• Michael Weeding

Transparency in the connected world…is it going to save us all?


Social media is a game changer, business are now forced to be transparent and focus on building a brand that will be measured by trust within the communities which they operate. This risk is that this concept somehow makes us all believe that as a result the world will be a better place (I can almost hear the harps playing now) as the soulless, heartless companies will as a result fall and their executives will be forced to retreat to their multi-million dollar mansions to hide away for the rest of their lives (I can hear the laughter now).
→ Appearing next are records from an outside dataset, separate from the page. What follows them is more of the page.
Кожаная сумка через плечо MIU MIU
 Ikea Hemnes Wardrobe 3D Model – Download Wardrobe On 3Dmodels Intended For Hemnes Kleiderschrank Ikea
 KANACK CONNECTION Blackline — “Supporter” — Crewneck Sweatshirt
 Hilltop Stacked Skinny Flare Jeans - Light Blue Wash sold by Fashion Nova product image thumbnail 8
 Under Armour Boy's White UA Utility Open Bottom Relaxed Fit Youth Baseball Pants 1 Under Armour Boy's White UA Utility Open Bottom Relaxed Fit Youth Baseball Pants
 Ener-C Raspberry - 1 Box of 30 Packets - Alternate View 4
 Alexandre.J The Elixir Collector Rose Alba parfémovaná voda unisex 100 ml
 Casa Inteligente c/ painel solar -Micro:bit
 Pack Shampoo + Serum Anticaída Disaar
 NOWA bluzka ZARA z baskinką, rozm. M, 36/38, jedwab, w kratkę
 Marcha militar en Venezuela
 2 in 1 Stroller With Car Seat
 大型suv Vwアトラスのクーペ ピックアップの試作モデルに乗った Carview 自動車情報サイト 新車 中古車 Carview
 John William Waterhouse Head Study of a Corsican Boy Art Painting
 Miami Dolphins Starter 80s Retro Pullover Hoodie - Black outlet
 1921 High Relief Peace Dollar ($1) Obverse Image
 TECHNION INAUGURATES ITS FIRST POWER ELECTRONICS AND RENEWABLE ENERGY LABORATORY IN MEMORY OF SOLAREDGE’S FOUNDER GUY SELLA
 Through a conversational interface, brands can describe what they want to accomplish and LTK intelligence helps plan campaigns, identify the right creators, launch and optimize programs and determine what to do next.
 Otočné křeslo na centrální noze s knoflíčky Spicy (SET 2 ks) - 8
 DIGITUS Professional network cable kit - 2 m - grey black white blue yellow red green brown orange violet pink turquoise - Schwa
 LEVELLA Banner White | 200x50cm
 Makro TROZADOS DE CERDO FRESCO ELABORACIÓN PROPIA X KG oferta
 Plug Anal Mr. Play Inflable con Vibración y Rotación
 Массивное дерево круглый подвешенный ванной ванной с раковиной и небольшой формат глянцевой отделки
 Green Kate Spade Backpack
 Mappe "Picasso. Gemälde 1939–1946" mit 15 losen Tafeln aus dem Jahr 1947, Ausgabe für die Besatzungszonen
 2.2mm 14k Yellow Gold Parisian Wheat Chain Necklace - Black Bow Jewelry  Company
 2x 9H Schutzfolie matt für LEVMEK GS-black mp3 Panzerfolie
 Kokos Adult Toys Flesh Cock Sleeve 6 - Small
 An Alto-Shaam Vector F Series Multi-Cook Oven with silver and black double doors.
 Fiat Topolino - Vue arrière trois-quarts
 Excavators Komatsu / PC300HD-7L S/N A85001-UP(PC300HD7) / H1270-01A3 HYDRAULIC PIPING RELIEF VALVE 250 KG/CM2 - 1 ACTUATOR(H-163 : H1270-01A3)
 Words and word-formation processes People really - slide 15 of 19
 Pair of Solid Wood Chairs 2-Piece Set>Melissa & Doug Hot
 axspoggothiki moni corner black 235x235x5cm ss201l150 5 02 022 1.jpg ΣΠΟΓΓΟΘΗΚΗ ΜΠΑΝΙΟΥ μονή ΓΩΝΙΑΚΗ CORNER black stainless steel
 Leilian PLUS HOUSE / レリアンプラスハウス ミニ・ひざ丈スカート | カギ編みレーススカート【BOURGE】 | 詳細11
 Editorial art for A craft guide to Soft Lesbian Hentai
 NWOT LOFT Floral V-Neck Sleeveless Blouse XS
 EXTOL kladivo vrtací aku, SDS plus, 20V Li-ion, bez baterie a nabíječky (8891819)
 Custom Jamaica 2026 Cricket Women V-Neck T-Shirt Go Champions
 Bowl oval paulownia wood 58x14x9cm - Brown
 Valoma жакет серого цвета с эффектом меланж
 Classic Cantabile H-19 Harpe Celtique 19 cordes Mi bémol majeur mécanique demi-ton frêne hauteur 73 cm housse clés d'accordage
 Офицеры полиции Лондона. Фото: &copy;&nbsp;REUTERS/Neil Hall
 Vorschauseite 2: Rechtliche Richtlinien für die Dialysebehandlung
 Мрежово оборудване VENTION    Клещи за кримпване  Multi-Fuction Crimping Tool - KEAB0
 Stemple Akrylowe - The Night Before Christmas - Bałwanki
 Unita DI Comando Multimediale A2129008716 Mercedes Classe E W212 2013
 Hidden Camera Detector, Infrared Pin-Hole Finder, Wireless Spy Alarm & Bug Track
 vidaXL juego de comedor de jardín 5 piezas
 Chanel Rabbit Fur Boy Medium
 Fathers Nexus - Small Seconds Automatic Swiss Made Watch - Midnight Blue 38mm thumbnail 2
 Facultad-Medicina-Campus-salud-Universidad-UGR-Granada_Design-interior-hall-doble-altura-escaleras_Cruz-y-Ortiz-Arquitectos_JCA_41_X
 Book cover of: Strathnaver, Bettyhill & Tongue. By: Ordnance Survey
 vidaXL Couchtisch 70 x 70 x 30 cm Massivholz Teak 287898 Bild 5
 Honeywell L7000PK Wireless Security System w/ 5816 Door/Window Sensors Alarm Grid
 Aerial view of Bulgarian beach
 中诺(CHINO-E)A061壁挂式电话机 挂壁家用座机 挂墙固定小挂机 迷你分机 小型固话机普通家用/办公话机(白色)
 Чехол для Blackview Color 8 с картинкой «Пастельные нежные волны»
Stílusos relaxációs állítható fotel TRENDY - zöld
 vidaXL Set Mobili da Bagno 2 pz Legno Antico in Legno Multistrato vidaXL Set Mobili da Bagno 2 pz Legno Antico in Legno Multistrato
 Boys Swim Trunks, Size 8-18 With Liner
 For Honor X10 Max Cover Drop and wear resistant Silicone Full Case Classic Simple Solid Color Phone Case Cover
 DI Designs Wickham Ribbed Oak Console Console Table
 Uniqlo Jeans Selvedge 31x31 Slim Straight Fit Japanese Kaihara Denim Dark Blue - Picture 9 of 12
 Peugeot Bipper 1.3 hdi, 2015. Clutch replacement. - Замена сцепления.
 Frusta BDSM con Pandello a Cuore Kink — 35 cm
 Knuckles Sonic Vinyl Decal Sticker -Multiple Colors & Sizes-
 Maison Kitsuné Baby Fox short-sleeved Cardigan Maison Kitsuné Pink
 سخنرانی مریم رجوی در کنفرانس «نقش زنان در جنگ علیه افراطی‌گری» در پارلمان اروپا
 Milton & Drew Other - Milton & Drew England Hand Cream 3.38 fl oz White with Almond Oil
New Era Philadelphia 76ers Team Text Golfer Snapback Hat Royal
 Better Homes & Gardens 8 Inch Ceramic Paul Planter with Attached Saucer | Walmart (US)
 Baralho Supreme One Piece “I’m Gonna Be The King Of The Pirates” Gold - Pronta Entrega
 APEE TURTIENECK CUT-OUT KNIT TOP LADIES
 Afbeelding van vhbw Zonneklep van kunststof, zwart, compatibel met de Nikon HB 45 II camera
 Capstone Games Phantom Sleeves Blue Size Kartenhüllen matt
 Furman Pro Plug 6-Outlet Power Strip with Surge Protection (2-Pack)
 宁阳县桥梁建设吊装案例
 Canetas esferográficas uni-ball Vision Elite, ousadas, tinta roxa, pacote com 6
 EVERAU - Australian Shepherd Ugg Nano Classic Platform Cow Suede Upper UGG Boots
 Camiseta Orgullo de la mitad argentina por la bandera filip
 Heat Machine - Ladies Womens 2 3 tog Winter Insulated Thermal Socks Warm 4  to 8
There would not be many large organisations today that are not working to continually improve the way that they serve their customers knowing that it only takes one bad experience to do permanent damage to their brand within social communities (cue FedEx Computer Delivery Guy). Improvements for these organisations come from measuring consumer sentiment and making changes based on this feedback. The point to note is that this practice is not new, organisations have been measuring customer satisfaction for years in an effort to improve their products and services, it is just that in the past they have been forced to collect the information through research that they commission, now by monitoring the social space organisations are also able to see what consumers are saying about them when they are not asking the questions.

But is this new found transparency going to save us all from the wicked organisations that only exist with the objective to take our money? Over the past 2 years the times that I have received the best and the worst experiences has not been from the large companies that I engage, it has come from the smaller businesses. For the bad experiences any rant in social media about a small business does not generate the same level of excitement as the news that a big bank has repossessed a car because the loan was not paid, or an insurance company has not paid out on a policy. As a result there is less information available to consumers about “Joe the Plumber” and the service he provides as there is about the larger organisations. The truth is that a smaller company can screw you just as much as the big ones, so while we may live in a world where transparency wins, there are still plenty of opportunities for you to be taken for a ride, so do not relax just yet.